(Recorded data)

>>>

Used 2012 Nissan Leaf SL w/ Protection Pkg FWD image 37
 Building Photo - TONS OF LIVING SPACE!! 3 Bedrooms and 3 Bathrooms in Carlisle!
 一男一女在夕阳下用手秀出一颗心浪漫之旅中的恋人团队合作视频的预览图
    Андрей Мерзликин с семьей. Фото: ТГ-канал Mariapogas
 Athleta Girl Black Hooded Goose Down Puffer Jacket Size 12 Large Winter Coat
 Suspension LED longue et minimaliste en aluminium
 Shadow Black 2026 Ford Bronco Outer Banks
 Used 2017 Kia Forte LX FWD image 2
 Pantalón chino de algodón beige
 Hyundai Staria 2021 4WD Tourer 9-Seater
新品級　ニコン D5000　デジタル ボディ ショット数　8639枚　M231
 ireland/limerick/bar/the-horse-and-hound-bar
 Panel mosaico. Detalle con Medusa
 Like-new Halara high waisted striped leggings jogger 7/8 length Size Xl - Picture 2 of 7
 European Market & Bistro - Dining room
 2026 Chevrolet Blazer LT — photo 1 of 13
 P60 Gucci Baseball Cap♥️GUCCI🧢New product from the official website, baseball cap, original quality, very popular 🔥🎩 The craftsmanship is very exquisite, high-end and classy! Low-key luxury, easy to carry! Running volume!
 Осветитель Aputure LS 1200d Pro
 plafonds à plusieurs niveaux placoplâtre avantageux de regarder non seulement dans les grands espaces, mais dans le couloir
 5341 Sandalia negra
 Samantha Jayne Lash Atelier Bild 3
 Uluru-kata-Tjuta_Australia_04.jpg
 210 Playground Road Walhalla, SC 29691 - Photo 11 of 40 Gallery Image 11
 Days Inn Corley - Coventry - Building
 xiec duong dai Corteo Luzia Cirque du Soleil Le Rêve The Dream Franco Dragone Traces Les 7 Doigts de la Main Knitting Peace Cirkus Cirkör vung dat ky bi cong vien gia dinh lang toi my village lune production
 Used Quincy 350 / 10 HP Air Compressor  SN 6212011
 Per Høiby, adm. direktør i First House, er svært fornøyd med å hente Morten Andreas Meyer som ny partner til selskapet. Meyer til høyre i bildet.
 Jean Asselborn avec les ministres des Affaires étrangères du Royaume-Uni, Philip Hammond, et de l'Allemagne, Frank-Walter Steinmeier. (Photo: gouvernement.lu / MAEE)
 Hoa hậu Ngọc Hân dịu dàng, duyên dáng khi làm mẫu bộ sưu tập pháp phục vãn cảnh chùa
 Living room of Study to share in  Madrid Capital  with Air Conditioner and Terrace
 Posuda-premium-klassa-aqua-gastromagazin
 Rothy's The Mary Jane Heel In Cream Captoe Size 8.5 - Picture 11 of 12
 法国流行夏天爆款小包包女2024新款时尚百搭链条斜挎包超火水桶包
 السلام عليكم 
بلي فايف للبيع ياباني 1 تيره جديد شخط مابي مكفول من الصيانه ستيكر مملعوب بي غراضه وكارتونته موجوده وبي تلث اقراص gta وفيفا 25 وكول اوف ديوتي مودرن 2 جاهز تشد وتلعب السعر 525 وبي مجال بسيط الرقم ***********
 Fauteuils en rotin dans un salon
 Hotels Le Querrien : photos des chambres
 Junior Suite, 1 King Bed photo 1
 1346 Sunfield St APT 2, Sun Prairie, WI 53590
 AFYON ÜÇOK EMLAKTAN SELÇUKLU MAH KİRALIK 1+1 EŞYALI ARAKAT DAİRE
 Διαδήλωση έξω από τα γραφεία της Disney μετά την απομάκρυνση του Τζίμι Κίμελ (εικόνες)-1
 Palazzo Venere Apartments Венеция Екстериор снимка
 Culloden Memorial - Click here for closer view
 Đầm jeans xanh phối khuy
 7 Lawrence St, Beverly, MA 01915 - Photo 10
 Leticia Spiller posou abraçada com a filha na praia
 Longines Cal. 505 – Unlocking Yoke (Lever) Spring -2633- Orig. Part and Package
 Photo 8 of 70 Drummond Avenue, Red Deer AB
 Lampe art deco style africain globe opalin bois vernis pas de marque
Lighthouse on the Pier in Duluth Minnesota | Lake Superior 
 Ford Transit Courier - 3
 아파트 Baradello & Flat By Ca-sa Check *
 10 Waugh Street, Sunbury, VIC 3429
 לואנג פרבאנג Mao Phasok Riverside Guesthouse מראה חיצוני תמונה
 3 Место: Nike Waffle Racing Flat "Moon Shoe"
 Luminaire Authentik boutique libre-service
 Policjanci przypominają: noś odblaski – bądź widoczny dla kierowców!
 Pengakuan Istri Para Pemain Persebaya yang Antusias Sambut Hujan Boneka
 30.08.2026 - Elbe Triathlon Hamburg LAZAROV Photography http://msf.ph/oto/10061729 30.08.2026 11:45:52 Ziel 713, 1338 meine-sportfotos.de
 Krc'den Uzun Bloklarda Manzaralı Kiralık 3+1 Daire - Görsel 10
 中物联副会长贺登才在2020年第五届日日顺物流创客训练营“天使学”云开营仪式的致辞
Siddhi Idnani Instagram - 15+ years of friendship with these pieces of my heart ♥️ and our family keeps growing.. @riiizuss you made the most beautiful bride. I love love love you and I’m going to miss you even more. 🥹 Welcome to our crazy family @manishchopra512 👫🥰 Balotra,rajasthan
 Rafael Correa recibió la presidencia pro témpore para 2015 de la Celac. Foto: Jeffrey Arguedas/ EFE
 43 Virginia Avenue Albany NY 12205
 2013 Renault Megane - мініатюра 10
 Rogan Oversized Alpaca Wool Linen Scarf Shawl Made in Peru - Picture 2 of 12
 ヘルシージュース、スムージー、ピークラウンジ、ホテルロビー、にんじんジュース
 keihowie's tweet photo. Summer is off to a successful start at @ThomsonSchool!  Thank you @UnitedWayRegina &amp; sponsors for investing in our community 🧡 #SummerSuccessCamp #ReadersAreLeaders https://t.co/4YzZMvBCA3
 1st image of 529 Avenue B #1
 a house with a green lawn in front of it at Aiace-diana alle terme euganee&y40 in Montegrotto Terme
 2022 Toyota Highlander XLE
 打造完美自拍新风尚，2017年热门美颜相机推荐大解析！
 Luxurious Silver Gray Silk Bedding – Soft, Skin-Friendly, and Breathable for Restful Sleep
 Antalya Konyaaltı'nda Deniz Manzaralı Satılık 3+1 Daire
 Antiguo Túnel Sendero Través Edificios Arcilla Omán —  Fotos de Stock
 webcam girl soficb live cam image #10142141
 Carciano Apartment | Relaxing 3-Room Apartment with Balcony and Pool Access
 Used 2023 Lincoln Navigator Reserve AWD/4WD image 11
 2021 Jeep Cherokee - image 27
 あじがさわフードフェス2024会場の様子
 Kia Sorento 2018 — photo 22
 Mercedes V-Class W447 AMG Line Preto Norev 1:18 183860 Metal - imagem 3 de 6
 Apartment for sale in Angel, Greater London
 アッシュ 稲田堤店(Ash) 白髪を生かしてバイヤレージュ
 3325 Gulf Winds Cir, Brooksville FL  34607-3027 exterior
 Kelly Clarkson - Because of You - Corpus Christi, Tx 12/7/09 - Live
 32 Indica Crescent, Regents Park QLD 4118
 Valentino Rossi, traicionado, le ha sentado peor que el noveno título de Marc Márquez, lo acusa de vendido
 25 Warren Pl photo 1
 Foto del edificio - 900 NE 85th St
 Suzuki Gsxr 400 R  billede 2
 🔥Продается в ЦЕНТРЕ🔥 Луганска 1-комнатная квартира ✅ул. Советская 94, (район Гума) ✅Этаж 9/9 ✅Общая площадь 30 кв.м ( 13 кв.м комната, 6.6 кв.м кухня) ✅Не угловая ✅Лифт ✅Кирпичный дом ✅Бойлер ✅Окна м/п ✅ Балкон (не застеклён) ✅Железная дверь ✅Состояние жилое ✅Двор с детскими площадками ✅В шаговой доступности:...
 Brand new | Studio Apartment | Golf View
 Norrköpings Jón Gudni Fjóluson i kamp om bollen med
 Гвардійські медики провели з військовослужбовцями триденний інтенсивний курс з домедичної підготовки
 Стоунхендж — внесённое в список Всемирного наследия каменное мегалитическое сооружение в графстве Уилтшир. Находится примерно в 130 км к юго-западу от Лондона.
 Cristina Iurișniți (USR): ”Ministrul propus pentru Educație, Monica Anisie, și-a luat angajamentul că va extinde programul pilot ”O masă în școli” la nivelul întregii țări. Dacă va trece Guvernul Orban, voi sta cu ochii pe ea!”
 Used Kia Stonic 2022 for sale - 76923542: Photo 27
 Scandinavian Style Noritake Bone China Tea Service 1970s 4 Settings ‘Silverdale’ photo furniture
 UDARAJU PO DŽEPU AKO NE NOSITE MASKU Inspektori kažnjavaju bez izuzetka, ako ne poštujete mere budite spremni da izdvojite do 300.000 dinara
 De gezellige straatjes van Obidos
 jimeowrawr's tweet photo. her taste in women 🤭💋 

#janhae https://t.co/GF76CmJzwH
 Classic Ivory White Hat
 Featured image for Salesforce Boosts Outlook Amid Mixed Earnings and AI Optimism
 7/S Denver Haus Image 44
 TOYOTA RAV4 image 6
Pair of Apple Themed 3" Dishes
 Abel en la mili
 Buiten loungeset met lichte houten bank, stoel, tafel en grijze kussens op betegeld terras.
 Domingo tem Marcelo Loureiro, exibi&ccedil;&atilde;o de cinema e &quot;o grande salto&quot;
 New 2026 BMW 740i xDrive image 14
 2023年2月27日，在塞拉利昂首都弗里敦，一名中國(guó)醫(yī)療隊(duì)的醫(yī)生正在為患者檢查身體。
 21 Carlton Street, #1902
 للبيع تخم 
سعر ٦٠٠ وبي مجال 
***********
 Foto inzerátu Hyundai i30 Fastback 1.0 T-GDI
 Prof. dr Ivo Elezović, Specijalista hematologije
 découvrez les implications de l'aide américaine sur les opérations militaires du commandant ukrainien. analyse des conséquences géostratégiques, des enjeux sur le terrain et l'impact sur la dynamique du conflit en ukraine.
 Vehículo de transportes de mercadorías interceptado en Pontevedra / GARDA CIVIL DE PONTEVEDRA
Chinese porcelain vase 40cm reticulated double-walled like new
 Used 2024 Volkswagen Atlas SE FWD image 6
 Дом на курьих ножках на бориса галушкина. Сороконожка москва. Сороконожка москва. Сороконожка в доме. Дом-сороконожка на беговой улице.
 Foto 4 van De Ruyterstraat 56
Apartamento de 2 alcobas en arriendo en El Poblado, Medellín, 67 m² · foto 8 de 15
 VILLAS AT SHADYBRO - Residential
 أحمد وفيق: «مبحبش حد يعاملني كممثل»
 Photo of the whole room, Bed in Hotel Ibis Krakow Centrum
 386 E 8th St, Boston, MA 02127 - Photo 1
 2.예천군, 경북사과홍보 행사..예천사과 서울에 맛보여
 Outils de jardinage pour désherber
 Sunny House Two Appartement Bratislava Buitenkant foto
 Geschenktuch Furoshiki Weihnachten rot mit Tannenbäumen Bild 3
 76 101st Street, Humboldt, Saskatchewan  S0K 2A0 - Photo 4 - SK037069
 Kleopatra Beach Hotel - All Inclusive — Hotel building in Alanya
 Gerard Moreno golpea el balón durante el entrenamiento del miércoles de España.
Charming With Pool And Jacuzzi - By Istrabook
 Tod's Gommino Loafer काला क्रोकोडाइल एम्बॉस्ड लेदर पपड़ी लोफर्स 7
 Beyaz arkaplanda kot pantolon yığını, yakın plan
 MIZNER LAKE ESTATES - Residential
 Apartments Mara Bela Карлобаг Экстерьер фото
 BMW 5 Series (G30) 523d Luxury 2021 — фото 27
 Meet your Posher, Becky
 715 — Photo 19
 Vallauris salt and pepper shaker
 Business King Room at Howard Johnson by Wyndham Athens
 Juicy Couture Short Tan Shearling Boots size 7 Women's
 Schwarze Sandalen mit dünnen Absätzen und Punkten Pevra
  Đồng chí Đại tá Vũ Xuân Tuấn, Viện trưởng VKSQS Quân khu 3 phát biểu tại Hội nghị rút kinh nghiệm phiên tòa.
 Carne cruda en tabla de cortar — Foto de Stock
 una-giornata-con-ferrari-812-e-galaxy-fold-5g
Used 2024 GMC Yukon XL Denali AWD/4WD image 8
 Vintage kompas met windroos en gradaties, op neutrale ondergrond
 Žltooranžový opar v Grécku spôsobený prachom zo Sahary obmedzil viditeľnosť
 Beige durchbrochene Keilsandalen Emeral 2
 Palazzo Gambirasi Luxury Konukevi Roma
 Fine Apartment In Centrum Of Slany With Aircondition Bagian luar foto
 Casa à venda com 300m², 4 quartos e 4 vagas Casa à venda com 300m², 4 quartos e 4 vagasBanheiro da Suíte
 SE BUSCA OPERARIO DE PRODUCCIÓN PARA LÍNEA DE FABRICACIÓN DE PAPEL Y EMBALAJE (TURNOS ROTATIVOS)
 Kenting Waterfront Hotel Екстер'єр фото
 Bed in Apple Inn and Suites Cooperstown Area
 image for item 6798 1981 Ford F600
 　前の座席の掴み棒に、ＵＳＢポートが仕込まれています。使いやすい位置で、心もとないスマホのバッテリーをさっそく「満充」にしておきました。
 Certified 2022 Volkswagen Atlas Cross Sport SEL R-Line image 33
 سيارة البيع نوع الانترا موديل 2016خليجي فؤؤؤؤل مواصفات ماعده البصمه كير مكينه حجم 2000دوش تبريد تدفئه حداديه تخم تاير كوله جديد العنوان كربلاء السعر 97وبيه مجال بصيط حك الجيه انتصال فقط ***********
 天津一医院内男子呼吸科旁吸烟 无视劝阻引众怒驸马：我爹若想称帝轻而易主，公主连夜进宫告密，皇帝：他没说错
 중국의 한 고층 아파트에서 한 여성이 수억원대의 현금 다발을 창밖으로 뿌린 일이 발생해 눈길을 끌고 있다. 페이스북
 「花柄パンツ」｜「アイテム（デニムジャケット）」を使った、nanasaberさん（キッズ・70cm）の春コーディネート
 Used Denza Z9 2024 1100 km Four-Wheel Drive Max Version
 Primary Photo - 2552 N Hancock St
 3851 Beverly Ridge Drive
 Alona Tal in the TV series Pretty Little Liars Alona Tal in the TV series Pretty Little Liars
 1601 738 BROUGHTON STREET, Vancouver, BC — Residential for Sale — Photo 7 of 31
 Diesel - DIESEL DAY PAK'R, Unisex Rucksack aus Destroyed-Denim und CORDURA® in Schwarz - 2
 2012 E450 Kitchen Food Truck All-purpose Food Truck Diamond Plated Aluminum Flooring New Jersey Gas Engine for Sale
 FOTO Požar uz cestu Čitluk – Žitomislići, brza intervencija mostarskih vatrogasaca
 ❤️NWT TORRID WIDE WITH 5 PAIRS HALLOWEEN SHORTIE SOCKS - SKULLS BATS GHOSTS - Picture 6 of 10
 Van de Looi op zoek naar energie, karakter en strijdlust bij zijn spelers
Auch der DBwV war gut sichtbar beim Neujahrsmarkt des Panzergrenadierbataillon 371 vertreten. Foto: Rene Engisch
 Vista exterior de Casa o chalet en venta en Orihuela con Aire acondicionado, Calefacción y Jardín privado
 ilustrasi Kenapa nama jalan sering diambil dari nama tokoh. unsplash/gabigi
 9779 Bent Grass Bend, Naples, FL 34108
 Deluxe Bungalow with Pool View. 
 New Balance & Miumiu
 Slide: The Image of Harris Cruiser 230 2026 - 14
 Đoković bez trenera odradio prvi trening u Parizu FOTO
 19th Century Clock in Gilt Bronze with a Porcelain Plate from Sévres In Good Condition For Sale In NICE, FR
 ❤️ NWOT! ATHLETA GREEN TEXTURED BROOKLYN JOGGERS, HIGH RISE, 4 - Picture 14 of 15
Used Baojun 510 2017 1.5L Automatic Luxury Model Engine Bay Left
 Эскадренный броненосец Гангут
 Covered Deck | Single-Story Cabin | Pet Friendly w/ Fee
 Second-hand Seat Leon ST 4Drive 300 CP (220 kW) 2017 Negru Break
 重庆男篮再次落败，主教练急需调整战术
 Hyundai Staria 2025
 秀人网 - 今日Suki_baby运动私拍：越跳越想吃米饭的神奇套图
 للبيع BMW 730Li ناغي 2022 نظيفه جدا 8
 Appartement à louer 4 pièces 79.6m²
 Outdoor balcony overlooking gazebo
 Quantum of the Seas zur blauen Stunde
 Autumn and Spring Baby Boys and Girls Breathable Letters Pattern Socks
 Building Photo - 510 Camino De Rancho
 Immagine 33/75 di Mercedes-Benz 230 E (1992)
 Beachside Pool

<<<

The expected answer is an exact copy of the lines above, beginning at the line with "10 Waugh Street, Sunbury, VIC 3429" and ending at the line with "Policjanci przypominają: noś", with both ends in.

**Task output**
 10 Waugh Street, Sunbury, VIC 3429
 לואנג פרבאנג Mao Phasok Riverside Guesthouse מראה חיצוני תמונה
 3 Место: Nike Waffle Racing Flat "Moon Shoe"
 Luminaire Authentik boutique libre-service
 Policjanci przypominają: noś odblaski – bądź widoczny dla kierowców!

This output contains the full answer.